Differential cooling drives large‐scale convective circulation in Lake Tanganyika

Field data, scaling analysis, and three-dimensional numerical experiments demonstrate that the dominant large-scale circulation pattern during the southeast trade winds in Lake Tanganyika (East Africa) is a downwind flow in the metalimnion, with a returning southward upwind flow in the upper region of the epilimnion. This is in the opposite direction to all prior literature available on the lake, which has assumed that the southeast trade winds must drive a northward surface flow due to momentum induced by the wind. The gradient in wind speed and humidity along the length of the lake and the resulting gradient in heat exchange with the atmosphere result in warm water accumulating at the northern end of the lake.

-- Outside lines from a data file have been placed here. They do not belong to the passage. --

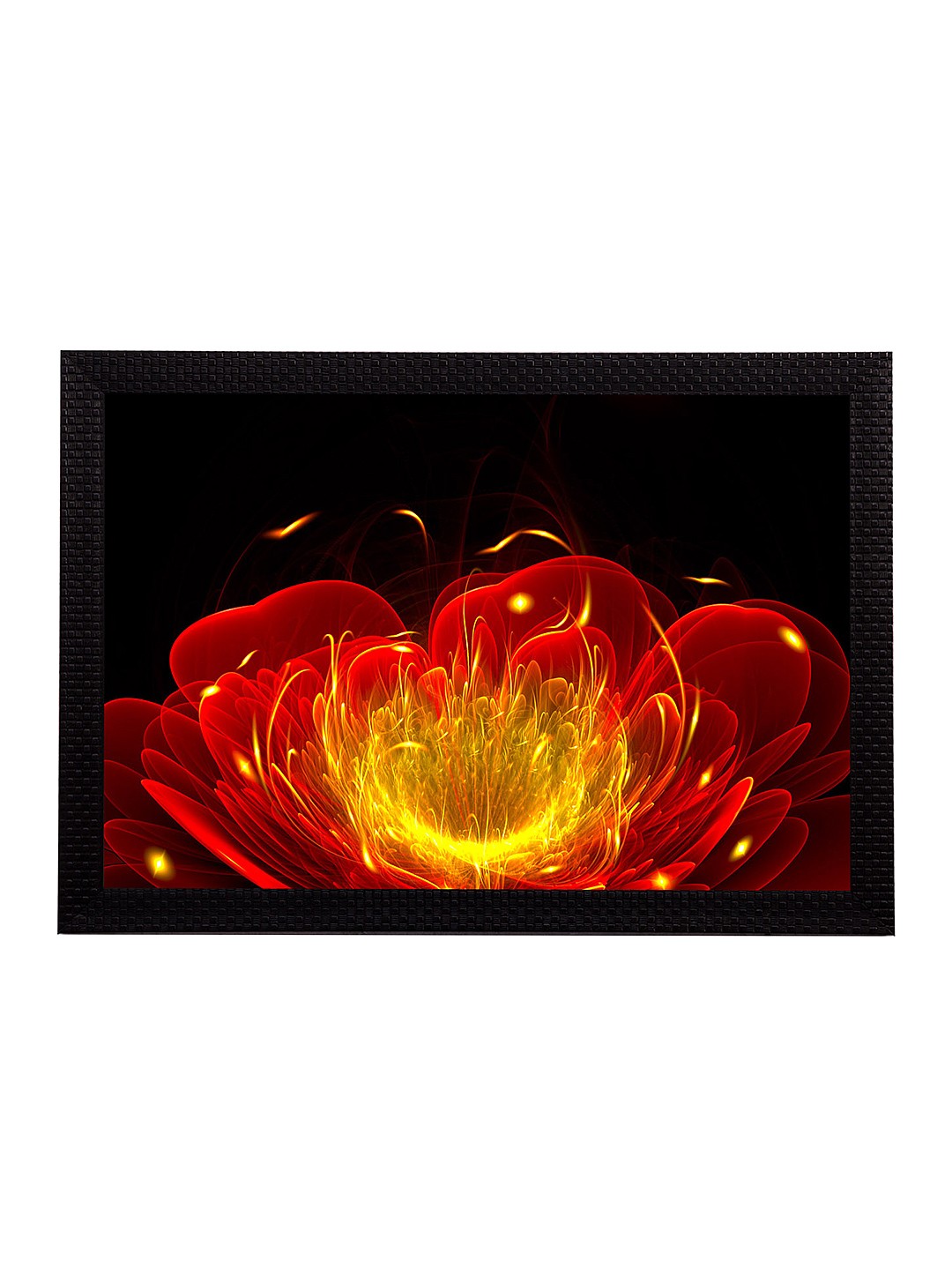 

eCraftIndia Black & Red Flower UV Wall Art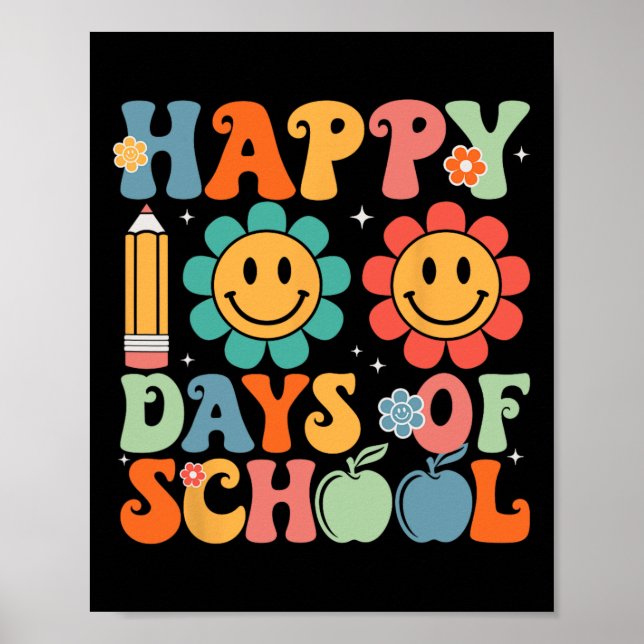 Poster Professor De Groovy Estudante 100º Dia Da Escola F (Frente)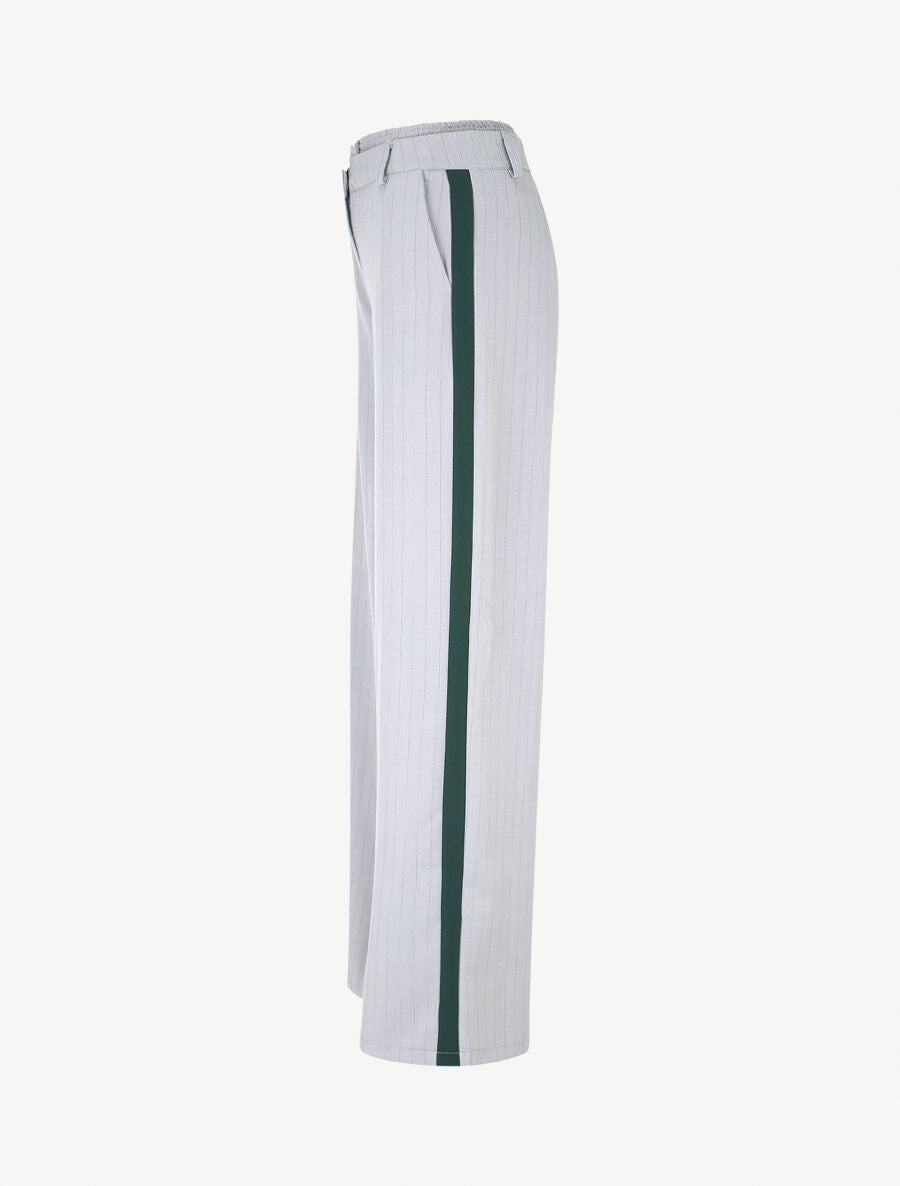 Pantalon fluide à bandes contrastantes - Gris - 4
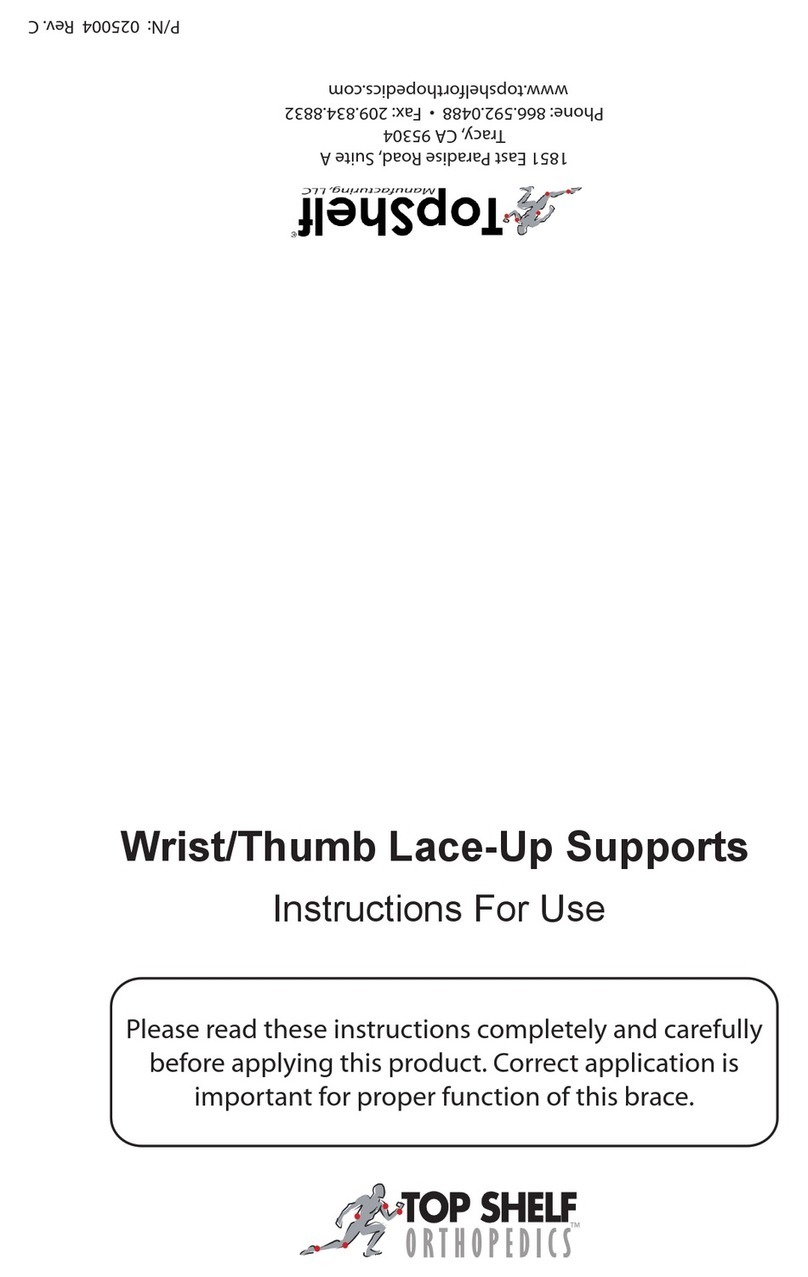Top shelf Orthopedics Wrist/Thumb Lace-Up Supports Instructions for use
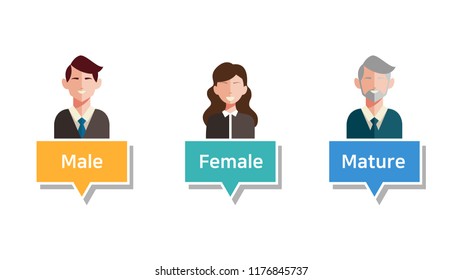 Male Female Mature Character Stock Vector (Royalty Free) 1176845737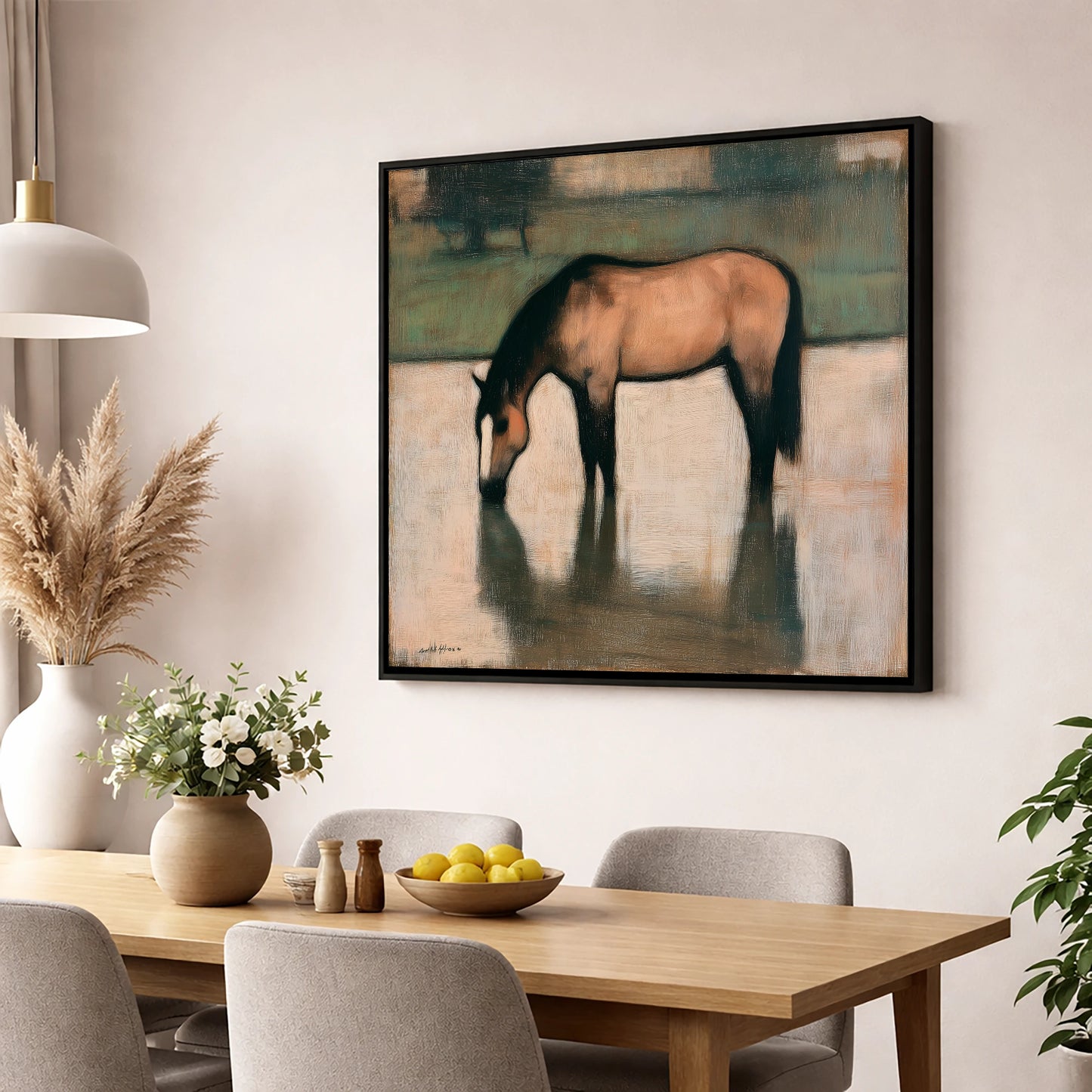 Quiet Reflection horse portrait wall art displayed in a dining room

The north basin of Lake Tanganyika, thus, acts as a heat sink while the south basin is a net source of heat to the atmosphere. The resulting variation in buoyancy flux is strong enough to drive a convective flow in the upper layer in the opposite direction to the wind. A large-scale convective circulation results in an annual exchange of 6.2 × 1012 m3 of water and an annual net transport of heat (averaging 0.2 terawatt) from the northern to the southern region of the lake. Currents in the upper 100-m layer, with a mean flow of 0.2 Sverdrup and flow speed of 0.08 m s−1, can be described by the superposition of a parallel convective flow with the internal seiche motion.